#### Information supplied ####

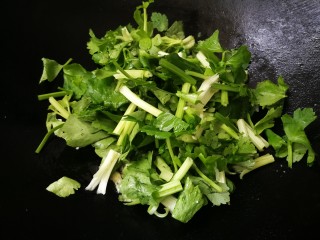 12、芹菜炒木耳,放入芹菜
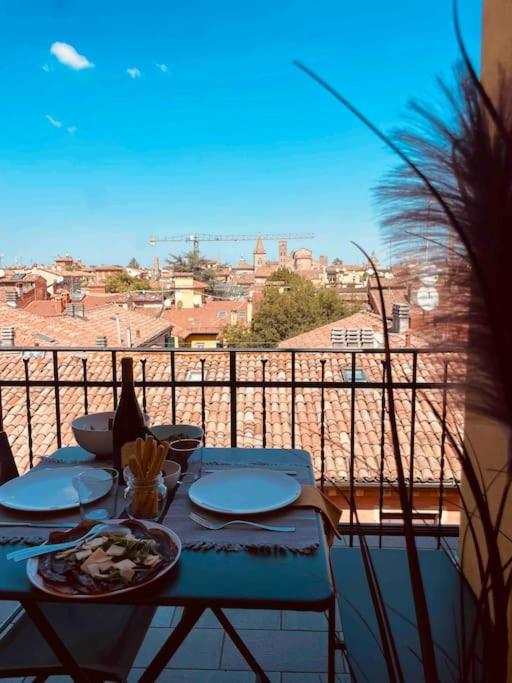 Romantic Attic Room With Panoramic View Bologna Exterior foto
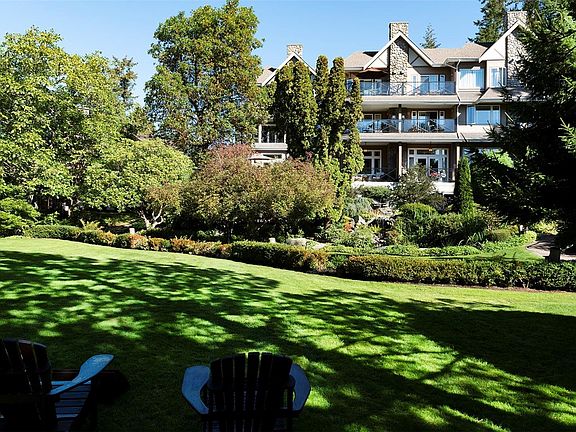 3rd image of 2326 Harbour Rd #302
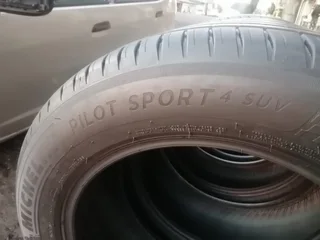 A set 255/55/19 michelin tyres like new with no damages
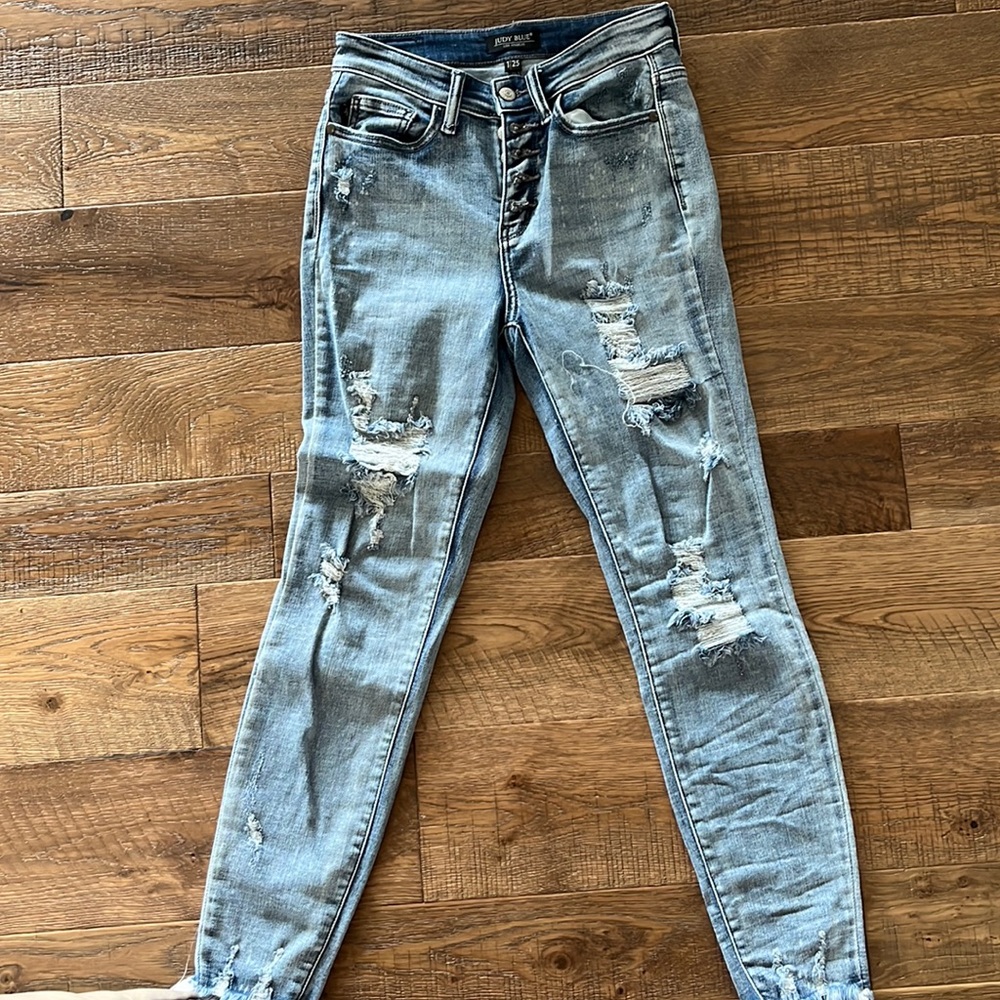 Judy Blue distressed splatter skinny jeans size 1/25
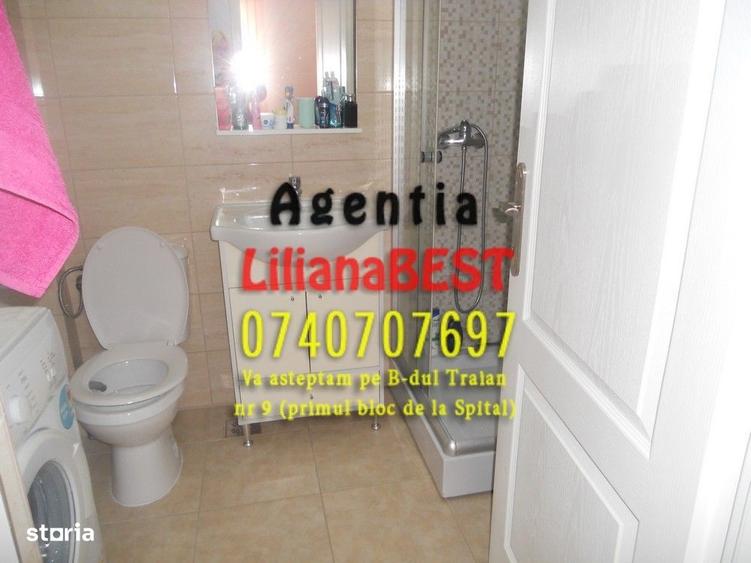 Apartament cu 3 camere decomandat în Calea Romanului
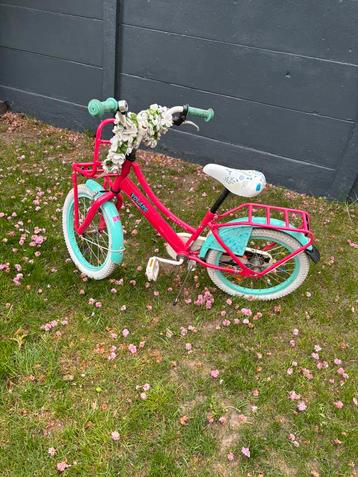 Kinder fiets beschikbaar voor biedingen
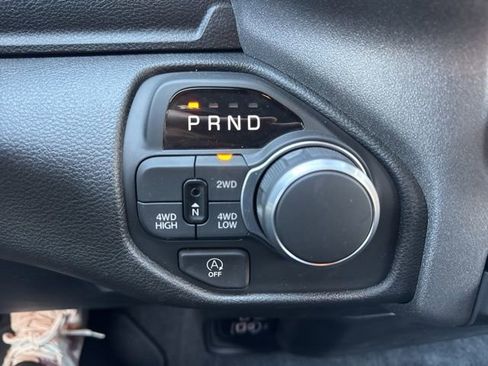New 2026 RAM 1500 Express AWD/4WD image 16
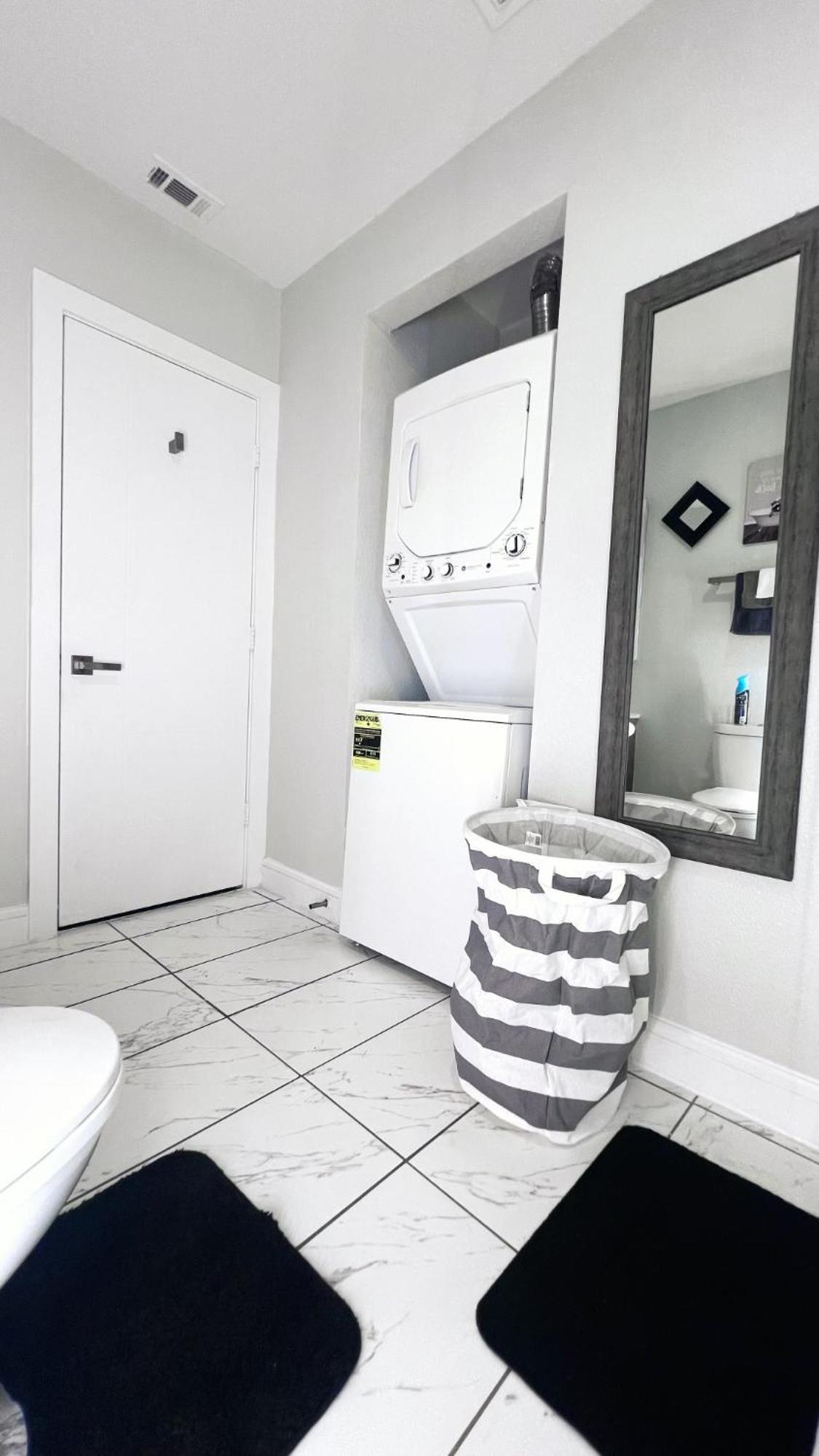 6 Min To Deep Ellum Apartment Dallas Exterior photo
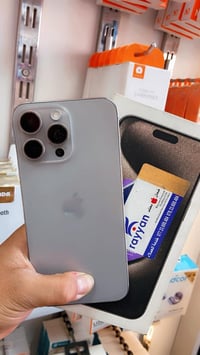 * ايفون 📲 15 برو ماكس * لون تيتانيوم مميز  * بطاريه🔋92 * ذاكره 256  * ...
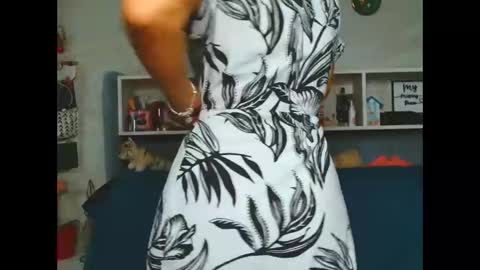 Snapshot of natali3855 chatting on 02-08-25, 08:32 Natali online show from 02-08-25, 08:32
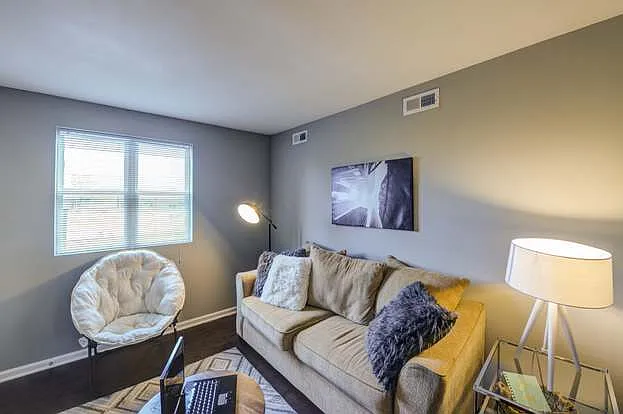 1837 Grayland Ave #B — Photo 9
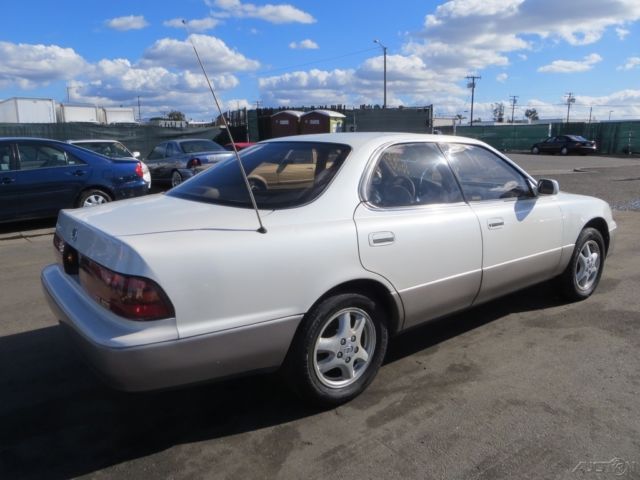 1994 Lexus ES Base Sedan 4-Door - photo 5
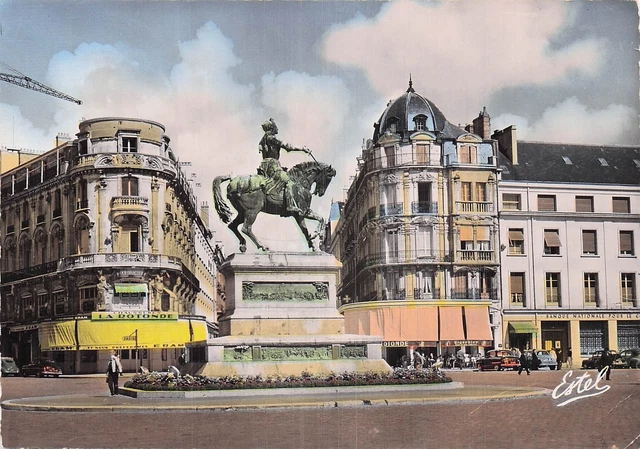 ORLEANS 45 CPA Place Du Martroi And Rue De La République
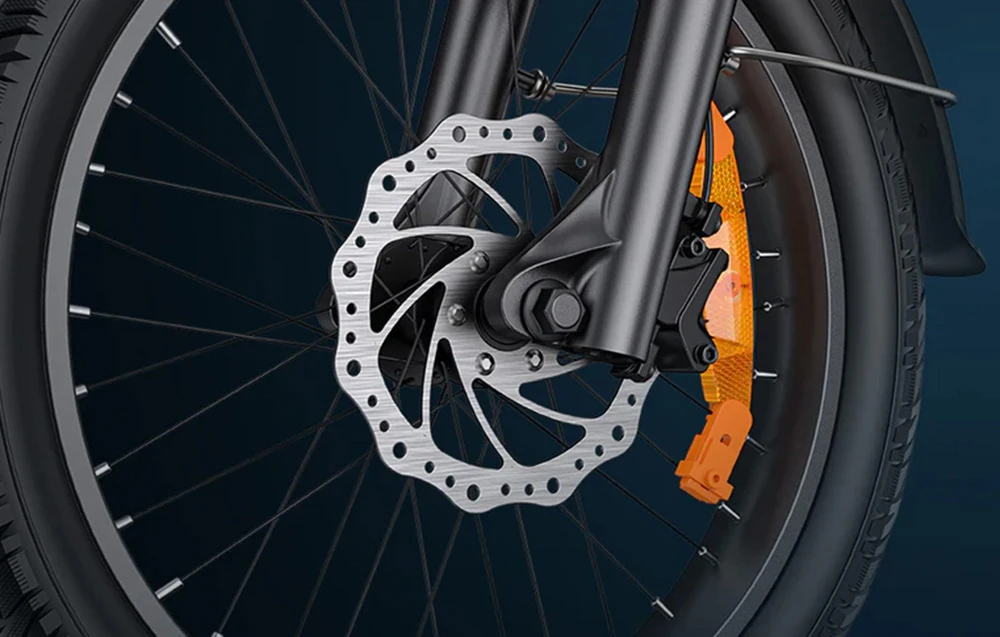 Prim-plan al roții din față a unei biciclete electrice cu sistem de frânare cu disc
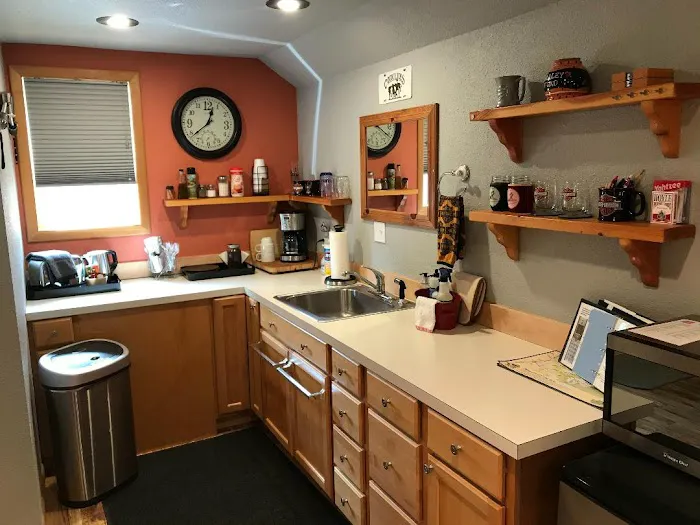Lazy C Mini RV Park/Campground & Airbnb Picture 7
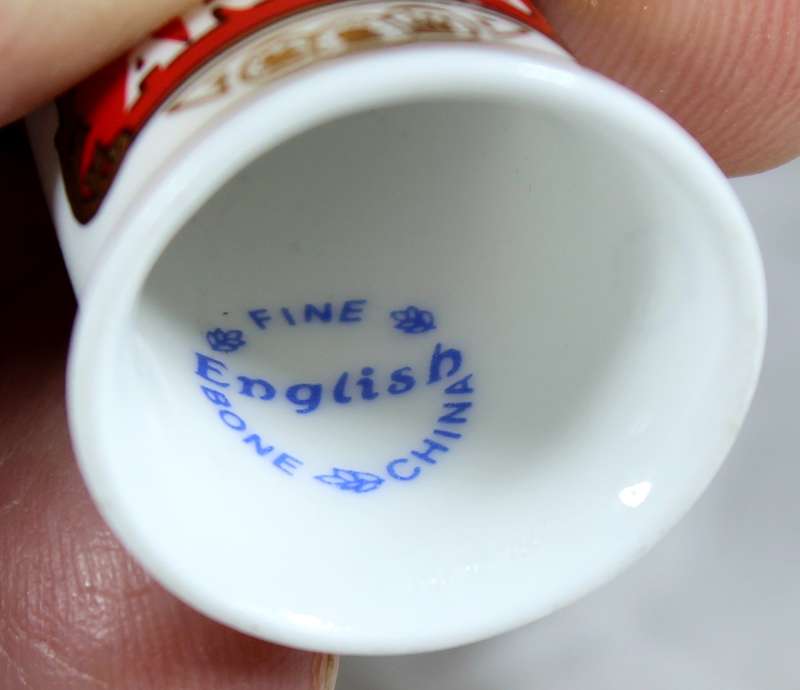 Advertising thimble - Stella Artois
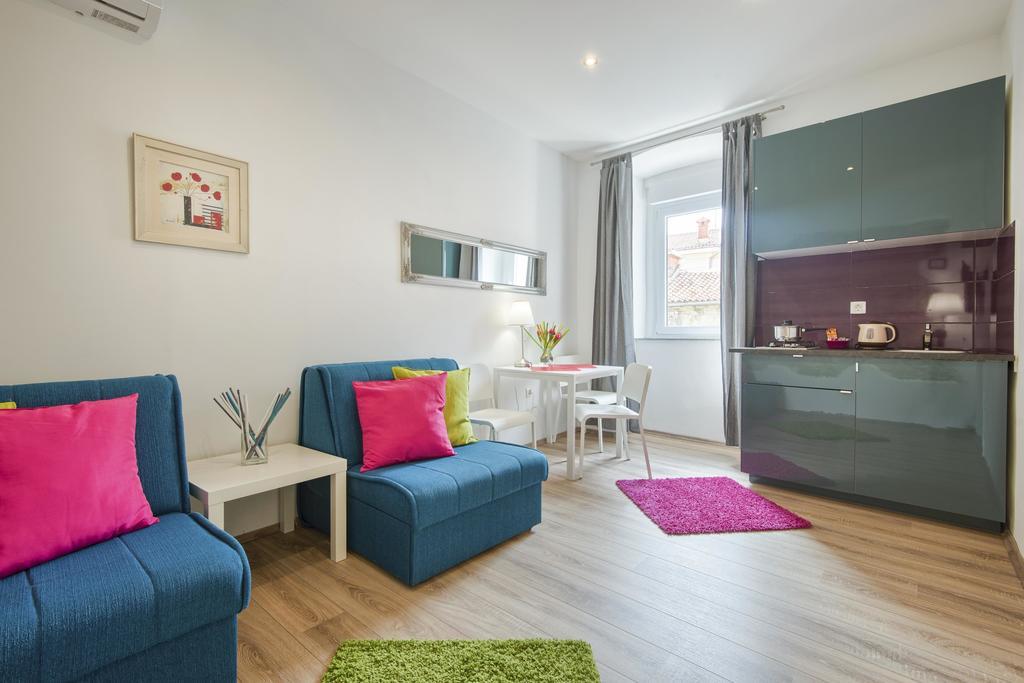 Top Center Rooms & Studio Pula Luaran gambar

####

**Exercise requirements:**
Aside from the pictures, copy all of the entries exactly.

**Solution to this problem:**
 12、芹菜炒木耳,放入芹菜
 Romantic Attic Room With Panoramic View Bologna Exterior foto
 3rd image of 2326 Harbour Rd #302
 A set 255/55/19 michelin tyres like new with no damages
 Judy Blue distressed splatter skinny jeans size 1/25
 Apartament cu 3 camere decomandat în Calea Romanului
 Kinder fiets beschikbaar voor biedingen
New 2026 RAM 1500 Express AWD/4WD image 16
 6 Min To Deep Ellum Apartment Dallas Exterior photo
 * ايفون 📲 15 برو ماكس * لون تيتانيوم مميز  * بطاريه🔋92 * ذاكره 256  * ...
 Snapshot of natali3855 chatting on 02-08-25, 08:32 Natali online show from 02-08-25, 08:32
 1837 Grayland Ave #B — Photo 9
 1994 Lexus ES Base Sedan 4-Door - photo 5
 ORLEANS 45 CPA Place Du Martroi And Rue De La République
 Prim-plan al roții din față a unei biciclete electrice cu sistem de frânare cu disc
Lazy C Mini RV Park/Campground & Airbnb Picture 7
 Advertising thimble - Stella Artois
 Top Center Rooms & Studio Pula Luaran gambar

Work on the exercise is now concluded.